Ytrain = nnet.use(Xtrain)
ax.scatter(Xtrain[:, 0], Xtrain[:, 1], Ytrain, c='b', marker='o', label='Train')

Yvalidate = nnet.use(Xvalidate)
ax.scatter(Xvalidate[:, 0], Xvalidate[:, 1], Yvalidate, c='y', marker='o', label='Valid')

Ytest = nnet.use(Xtest)
ax.scatter(Xtest[:, 0], Xtest[:, 1], Ytest, c='g', marker='o', label='Test')

plt.legend();

Can we visualize what the hidden units have learned, like we did for data sets with a single variable input?

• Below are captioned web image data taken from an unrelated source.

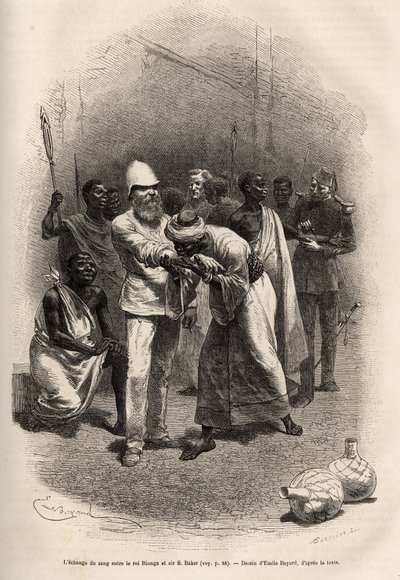 Kral Rioonga ve Sir Baker arasında kan alışverişi, bol miktarda muz şarabı içtikten ve bir geceyi izleyerek ve genç yaşta geçirdikten sonra, tören gerçekleşir, her biri sırayla ön kollarını keser ve bir damla kan içer, ardından Rioonga Vakil P by Emile Antoine Bayard
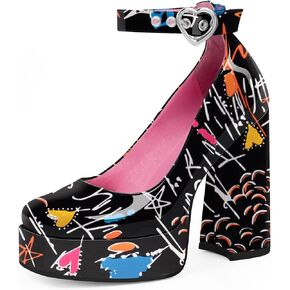 Women's Platform High Block Heel Pumps Ankle Strap Heart Buckle Square Toe Patent Leather Party Prom Dress Shoes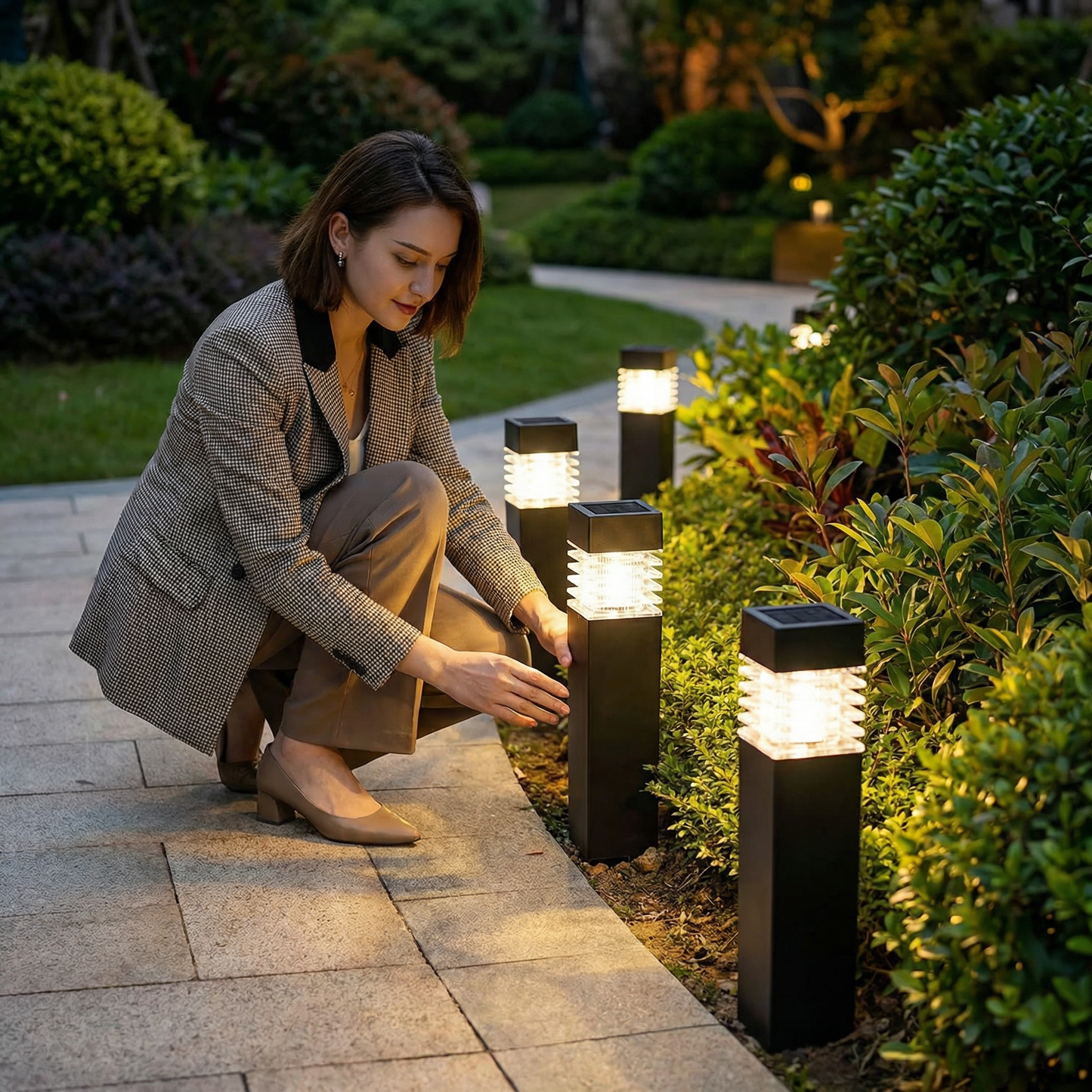 Solarne lampy ogrodowe LED słupkowe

Sure. Just plot a unit's output as a surface over the base plane of input values.

In [109]:
plt.figure(figsize=(25, 25))

nPlot = 40
Xplot = np.linspace(0, 10, nPlot)
Yplot = np.linspace(0, 10, nPlot)
Xplot, Yplot = np.meshgrid(Xplot, Yplot)
XYplot = np.hstack((Xplot.reshape((-1, 1)), Yplot.reshape((-1, 1))))
white = np.ones((Xplot.shape[0], Xplot.shape[1], 3))
red = white * np.array([1, 0, 0])

Ys = nnet.forward_pass(XYplot)
Ys = Ys[1:]  # to remove inputs

nUnits = sum(nnet.n_hiddens_per_layer)
nPlotsSqroot = int(np.sqrt(nUnits))
if nPlotsSqroot**2 <= nUnits:
    nPlotsSqroot += 1
    
ls = LightSource(azdeg=-20, altdeg=70)

# ls = LightSource(azdeg=90, altdeg=80)
white = np.ones((Xplot.shape[0], Xplot.shape[1], 3))
red = white * np.array([1, 0, 0])

fig = plt.figure(figsize=(10, 10))
ploti = 0
surfaces = []
for layeri in range(len(nnet.n_hiddens_per_layer)):
    for uniti in range(nnet.n_hiddens_per_layer[layeri]):
        ploti += 1
        ax = fig.add_subplot(nPlotsSqroot, nPlotsSqroot, ploti, projection='3d')
        Yunit = Ys[layeri][:, uniti].reshape(Xplot.shape)
        rgbPredicted = ls.shade_rgb(red, Yunit, vert_exag=0.1)
        surfaces.append( ax.plot_surface(Xplot, Yplot, Yunit, rstride=1, cstride=1,
                                         facecolors=rgbPredicted,
                                         linewidth=0, antialiased=False, shade=False, alpha=0.6 ) )
        plt.title('Layer {:d} Unit {:d}'.format(layeri + 1, uniti + 1))

plt.tight_layout();
<Figure size 1800x1800 with 0 Axes>